Beim BVB hinterlässt das sportlich eine Lücke, die mit den rund 56 Millionen Euro, die nach Abzug aller Ablösebeteiligungen übrig bleiben, schwerlich zu füllen sein wird. Zu groß sind die finanziellen Auswirkungen der anhaltenden Pandemie, zu groß sind aber vor allem auch die Fußstapfen, die dieser erst 21-jährige Junge aus London hinterlässt. Die Borussia hat einzig die Möglichkeit, ihr Spiel unter dem neuen Trainer Marco Rose anders auszurichten und die Last von Sanchos Weggang auf mehrere Schultern zu verteilen.

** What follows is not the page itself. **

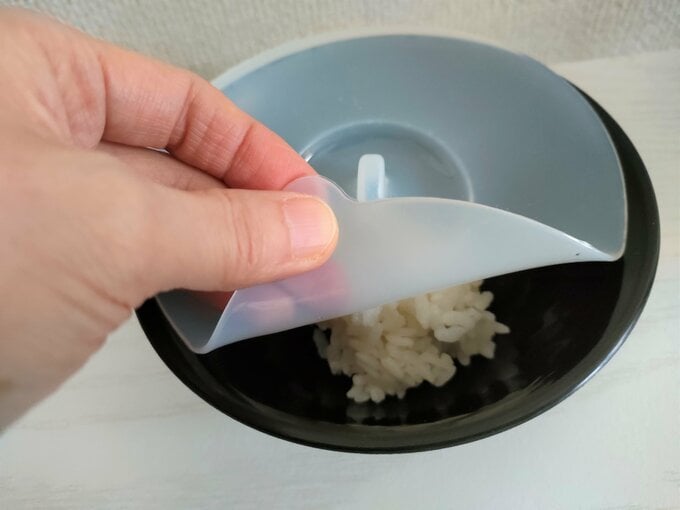 茶碗にご飯を入れてシリコーン蓋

Doch was bleibt von Jadon Sancho nach vier Jahren in schwarzgelb? Herzschmerz ist es jedenfalls nicht. Dafür war von vornherein zu klar, dass es Sancho später wieder in seiner Heimatliga beweisen wollen würde. Trotz aller Tore, Vorlagen und Kabinettstückchen hat allein dieser Umstand verhindert, dass Sancho ein Publikumsliebling im Westfalenstadion wurde. Und doch hinterlässt er uns in stetiger Verzückung, mit Erinnerungen an grandiose Spielzüge, wunderschöne Tore und den ersten Dortmunder Titel seit 2017. An seiner Entwicklung zur Weltklasse trägt der BVB einen beachtlichen Anteil, auf den wir stolz sein dürfen, wenn Jadon Sancho in den kommenden Jahren zu einem der besten Fußballer der Welt reift. Schade, dass er diese Entwicklung nicht bei unserer Borussia vollendet – aber verdammt schön, dass wir ein Teil davon sein durften und er Teil unserer Geschichte war.
All the best, Jadon! Take care and raise hell over there!